REPUBLIC FLOUR MILLS, INC., PLAINTIFF-APPELLANT, VS. CENTRAL BANK OF THE PHILIPPINES, DEFENDANT-APPELLEE.

D E C I S I O N

CONCEPCION JR., J.:

Appeal from the judgment of the Court of First Instance of Manila dismissing the complaint for the recovery of certain sums of money collected by the defendant as "margin fees" under Republic Act No. 2609, on purchases of foreign exchange for the payment of machinery and equipment, etc., used for the expansion of appellant's flour milling facilities.

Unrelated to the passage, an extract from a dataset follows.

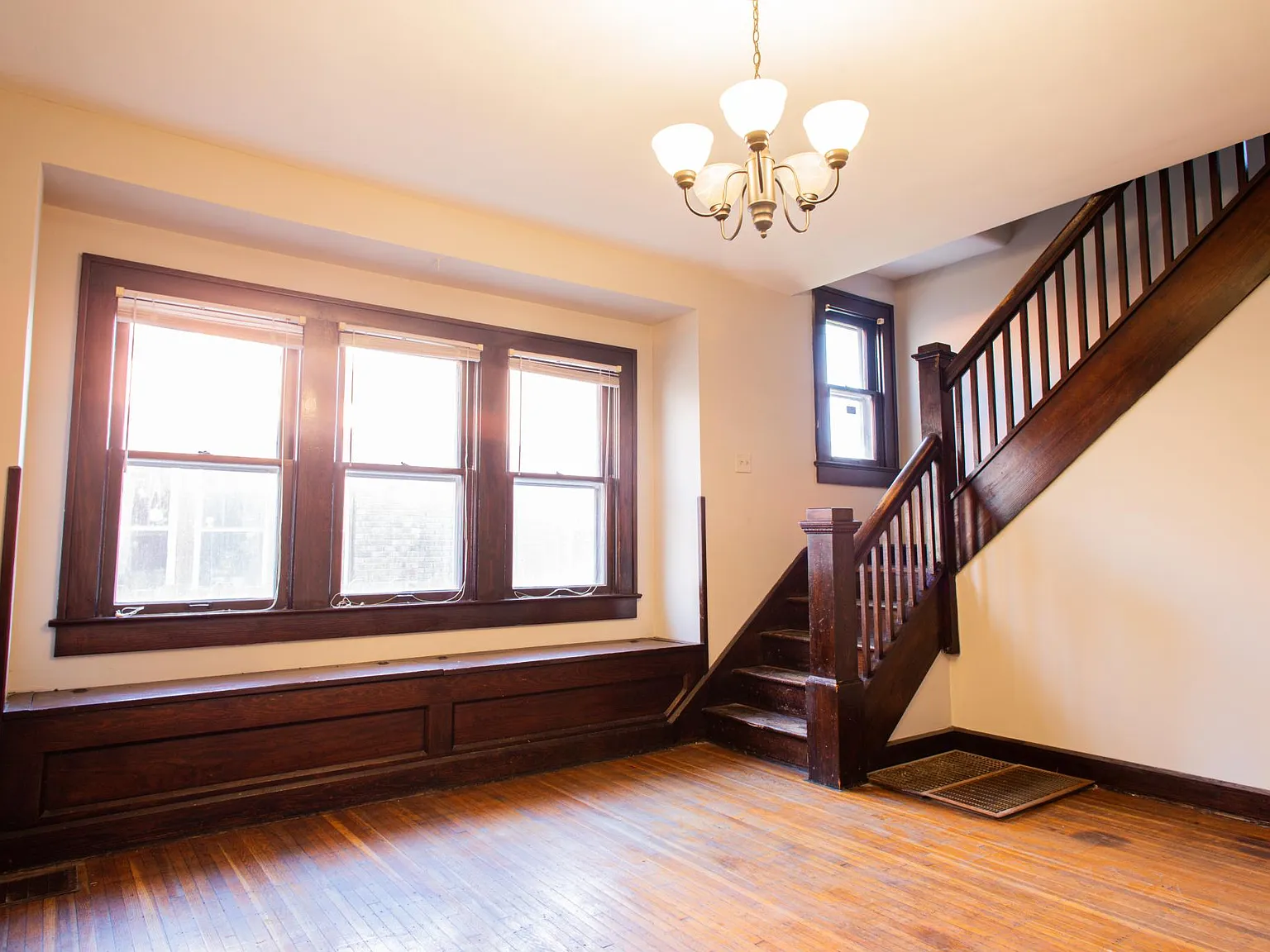 3 bed, 1.5 bath, 1800 sqft, $1,700 — Photo 3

The plaintiff-appellant, Republic Flour Mills, Inc., a domestic corporation with main offices at Pioneer Street, Pasig, Rizal, is the owner and operator of a wheat flour mill, with an annual capacity of 50,000 metric tons of flour.  As a by-product of its milling operations, the appellant produces mill offals (pollard and bran) which it sells abroad as mill feed, the proceeds of all sales being surrendered to the Central Bank as foreign exchange received or earned by the appellant.  On December 9, 1958, the appellant filed a request with the Central Bank for authority to expand the capacity of its flour mill by 40,000 metric tons annually,[1] and on February 7, 1959, it furnished the Central Bank with a detailed account of its foreign exchange requirement amounting to US$949,889.87.[2] The Monetary Board, in its resolution of April 22, 1959, approved the application in principle subject to the following conditions:

"a)  That the importation of the additional machinery and equipment shall be made subject to the prior valuation by the Industrial Engineer of the Central Bank;
"b)  That payment for the full value of the said machinery and equipment shall be drawn exclusively from the proceeds of exportation of mill feed (pollard and bran)."[3]

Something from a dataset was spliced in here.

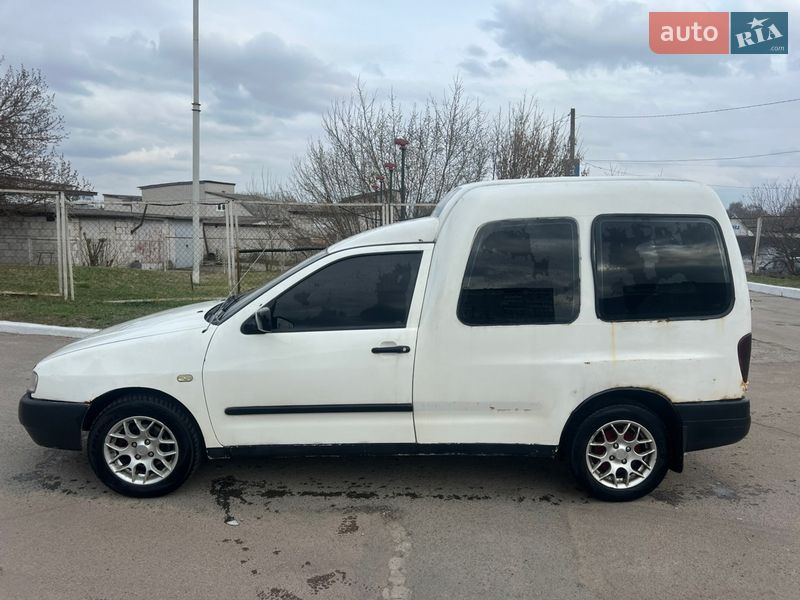 Минивэн Volkswagen Caddy 2003 в Житомире
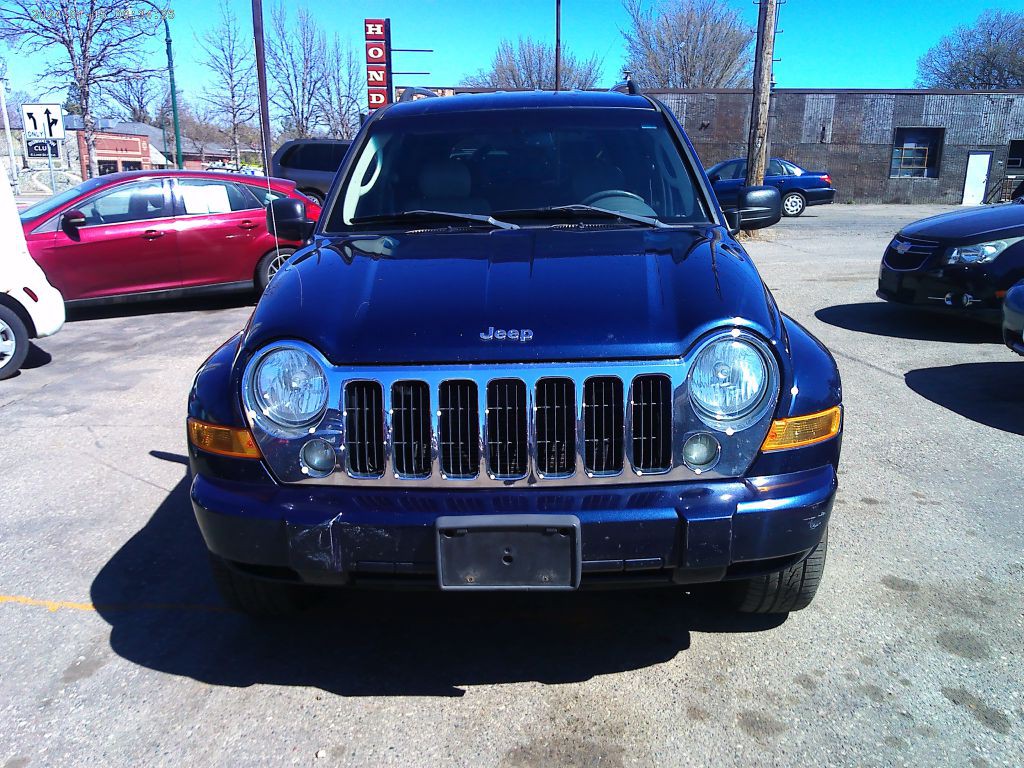 2006 Jeep Liberty Image 3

On May 11, 1959, the appellant entered into a contract with the Thomas Robinson & Son Ltd. of Rochdale, in the County of Lancaster, England, for the purchase and sale and erection of a wheat flour mill costing US$821,735.00, including freight and interests on deferred payments at 5-1/2 per centum per annum.  The parties also stipulated therein that:

"2. (a)  This contract to become effective and binding upon both parties once the Central Bank of the Philippines has confirmed its approval to the extension of the flour mill of the Purchasers by 40,000 tons of flour yearly and its commitment to make available foreign exchange to pay the purchase price hereunder as same is earned by the Purchasers by the export of their mill offals."[4]

A copy of this contract was submitted to the Central Bank on May 13, 1959.[5]

On June 12, 1959, the appellant entered into contracts with the Metropolitan-Vickers El. Export Co. Ltd. and the British Thomson-Houston Export Co. Ltd. for the purchase and sale of electrical equipment valued at US$13,568.70,[6] and US$37,040.00,[7] respectively.  The said contracts similarly provided that it shall become effective and binding upon the parties once the Central Bank has confirmed its approval to the extension of the flour mill and its commitment to make available foreign exchange to pay the purchase price.  Copies of these contracts were submitted to the Central Bank on June 22, 1959.[8]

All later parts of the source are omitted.